HOW TO COMPLETE THIS TASK —
Would you reproduce the whole listing exactly, dropping any pictures it holds?
:: INPUT DATA
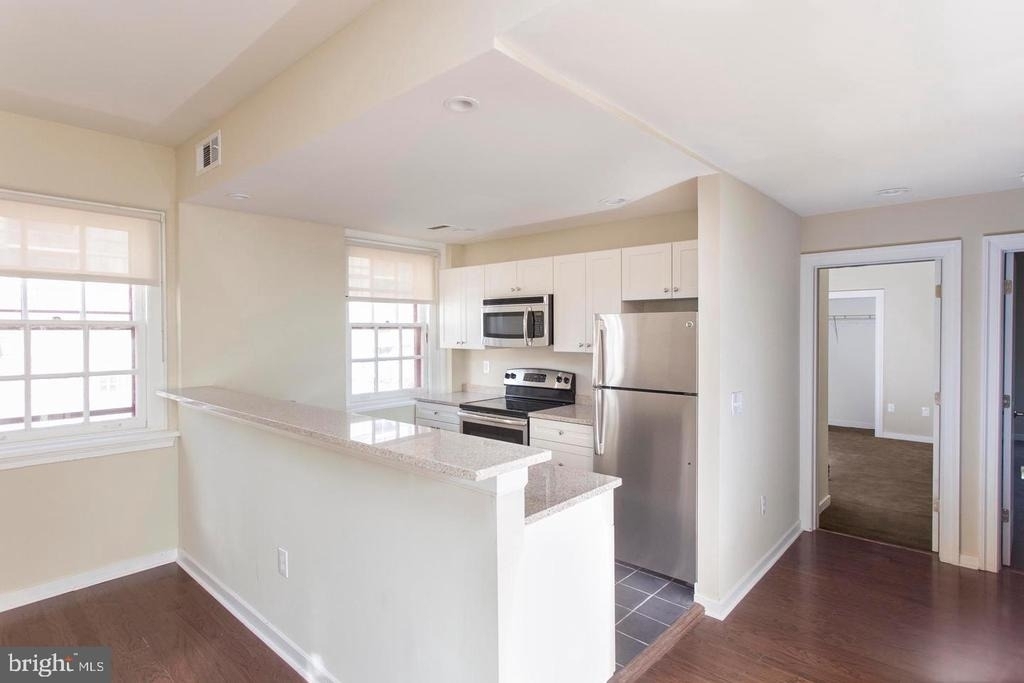 532 Spruce Street - Photo 0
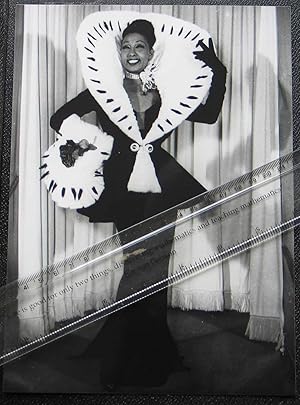 Image du vendeur pour Josephine Baker Huge fur collar. 1980's reprint mis en vente par Booksold U.K.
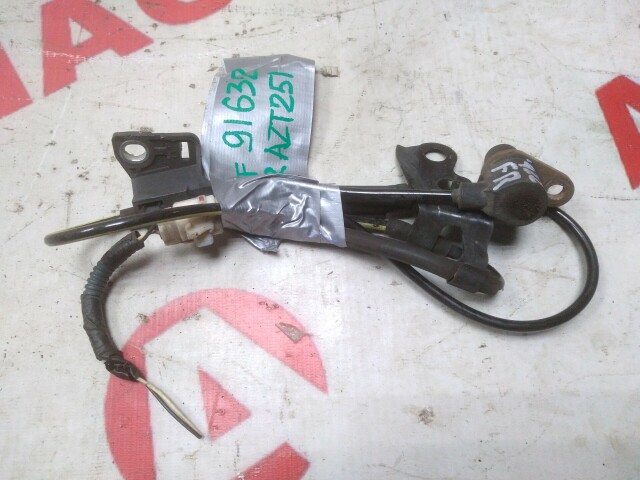 Датчик ABS TOYOTA Avensis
::::
WRITTEN RESPONSE —
 532 Spruce Street - Photo 0
 Image du vendeur pour Josephine Baker Huge fur collar. 1980's reprint mis en vente par Booksold U.K.
 Датчик ABS TOYOTA Avensis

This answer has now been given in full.